Le Mistral: ange ou démon ?

- Le Mistral, réalité géographique.

---« Bastide au Mistral» d'Antoine Ferrari, (collection de l'auteur)

Le Mistral (du latin : magistralis = maître) est le plus célèbre des vents qui soufflent en Provence. Résultant d'une arrivée d'air d'origine polaire et passant sur les hauteurs enneigées du Massif Central, il est dévié par les Alpes sur l'ensemble de la Provence. Sa présence marque la vie et les esprits sous le signe de la dualité :

° source de pureté, il donne à la Haute Provence un ciel d'un bleu intense et une luminosité exceptionnelle.

° source de tracas, il oblige l'homme à se plier au commandement de la nature et à se protéger, tout comme son habitat et ses ressources. Les fermes vont tourner le dos au Nord et réduire leurs ouvertures ; les toitures seront peu inclinées pour garder leurs tuiles ; les cultures sont entourées de cannes, de cyprès et de murailles de pierres sèches.

Si le mont Ventoux est étymologiquement un mont venté, en Haute Provence, son prolongement oriental, la montagne de Lure, à 1826 mètres d'altitude, est aussi le royaume des vents.

Mais le Mistral va être bien plus qu'une composante climatique, il va s'insinuer dans les esprits.

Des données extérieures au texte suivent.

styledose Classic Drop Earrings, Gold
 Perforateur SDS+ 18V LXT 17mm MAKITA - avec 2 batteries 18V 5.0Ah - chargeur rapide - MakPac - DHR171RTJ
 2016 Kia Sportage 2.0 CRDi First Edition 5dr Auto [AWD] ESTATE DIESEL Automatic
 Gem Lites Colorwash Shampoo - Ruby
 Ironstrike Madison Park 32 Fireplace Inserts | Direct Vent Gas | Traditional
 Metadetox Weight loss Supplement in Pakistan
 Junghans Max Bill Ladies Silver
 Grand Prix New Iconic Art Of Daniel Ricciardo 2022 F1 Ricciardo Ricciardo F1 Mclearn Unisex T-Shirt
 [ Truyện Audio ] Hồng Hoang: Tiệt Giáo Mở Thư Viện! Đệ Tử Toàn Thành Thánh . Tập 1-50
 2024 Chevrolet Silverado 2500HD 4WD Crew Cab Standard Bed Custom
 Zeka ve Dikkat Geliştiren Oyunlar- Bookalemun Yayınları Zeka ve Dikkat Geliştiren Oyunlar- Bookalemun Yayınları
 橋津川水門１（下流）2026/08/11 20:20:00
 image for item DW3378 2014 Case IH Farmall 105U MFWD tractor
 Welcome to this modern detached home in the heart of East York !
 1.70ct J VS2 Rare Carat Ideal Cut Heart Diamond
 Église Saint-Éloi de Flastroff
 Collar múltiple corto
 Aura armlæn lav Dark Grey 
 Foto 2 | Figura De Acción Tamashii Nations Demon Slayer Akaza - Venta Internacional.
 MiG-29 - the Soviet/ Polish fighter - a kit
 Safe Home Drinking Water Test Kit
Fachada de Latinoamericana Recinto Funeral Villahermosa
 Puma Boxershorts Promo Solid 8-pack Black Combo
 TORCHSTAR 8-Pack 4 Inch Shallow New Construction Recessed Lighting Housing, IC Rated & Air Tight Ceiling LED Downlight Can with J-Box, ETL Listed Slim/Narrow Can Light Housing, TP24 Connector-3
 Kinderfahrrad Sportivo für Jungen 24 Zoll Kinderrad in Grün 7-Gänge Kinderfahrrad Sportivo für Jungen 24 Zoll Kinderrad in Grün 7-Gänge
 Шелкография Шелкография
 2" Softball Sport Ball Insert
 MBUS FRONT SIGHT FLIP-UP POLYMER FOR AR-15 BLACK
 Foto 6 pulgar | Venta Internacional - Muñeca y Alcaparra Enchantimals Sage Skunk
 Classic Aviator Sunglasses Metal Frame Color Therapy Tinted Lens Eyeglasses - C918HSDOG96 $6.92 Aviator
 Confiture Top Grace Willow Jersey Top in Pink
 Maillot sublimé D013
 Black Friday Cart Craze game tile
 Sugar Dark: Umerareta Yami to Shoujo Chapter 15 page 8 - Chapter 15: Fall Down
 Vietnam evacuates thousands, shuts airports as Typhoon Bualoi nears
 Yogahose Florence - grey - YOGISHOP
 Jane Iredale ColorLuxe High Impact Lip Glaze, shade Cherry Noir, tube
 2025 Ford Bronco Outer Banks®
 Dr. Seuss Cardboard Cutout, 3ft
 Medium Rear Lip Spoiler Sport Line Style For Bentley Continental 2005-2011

- Le Mistral, source de poésie.

En Grèce, le dieu Pan est le dieu de la nature. Il est donc dans tous les éléments qui constituent notre monde. Cette attitude d'esprit panthéiste qui tend à diviniser la nature a inspiré les plus grands écrivains du Sud. L'espace, les arbres, le soleil les conduisent vers une vision mythique renouvelée d'un paganisme millénaire. Dans cette inter pénétration avec la nature du monde méditerranéen le vent joue un rôle essentiel. Pourquoi ? C'est que le Mistral apporte des métamorphoses : il balaie le ciel, tord les végétaux, assèche le sol. Mais aussi, il capte par tous ces changements les sens de l'être vivant :

° aussi bien les sens des animaux (les chevaux de Camargue deviennent nerveux à l'approche du Mistral qui distrait leur perception sensorielle).

° mais aussi l'inspiration du poète.

- C'est Paul Valery, le méditerranéen, qui écrit : « Le vent se lève, il faut tenter de vivre ».
- C'est Jean Giono, à propos de la trilogie de Pan qui indique : « J'ai trouvé ma voie…ressusciter Pan…extraire l'amour et la substance spirituelle de tout ce qui vit, les nuages, la plaine, le vent, le ciel étoilé… » mais aussi :

«Le vent n'a pas besoin de souffler. Même par les journées fort calmes, il est présent dans ces troncs qui ont été comme essorés par une poigne de fer et qui ne peuvent plus se détortiller ». (in Arcadie, Arcadie)

De fait, dans toute son œuvre, Giono va décrire le vent d'une manière unique depuis les hauts plateaux soumis à son souffle de toujours jusqu'au rapport à la sensualité intime de Julia. (in le grand troupeau)

- C'est Joseph d'Arbaud qui ressuscite Pan au travers de la bête du Vaccarès.

  ---illustration de Jean Cubaud.

Cet homme mi-homme, mi-chèvre s'écrie : « Cette terre désolée me dispense son souffle sauvage sans lequel je ne pourrai vivre ».

- C'est René Char qui lance : « « je t'aime », répète le vent à tout ce qu'il fait vivre ». (in Moulin de Calavon)

Bien d'autres, de Camus à Nietzsche, chanteront le Mistral pour sa présence stimulante.

Qui plus est le Mistral est un vent turbulent, soumis à des rafales, c'est-à-dire, à des accélérations de son souffle. Cette instabilité renforce son caractère de changement et de source d'inspiration. La poésie est dans bien des cas le langage des sens et des sentiments.

Le Mistral agit comme un catalyseur dont le souffle maintient un lien quasi charnel de communion avec la nature. Après le climat géographique, il contribue à créer un climat poétique.

Bibliographie : « Petite anthologie du Mistral » Equinox, 2004.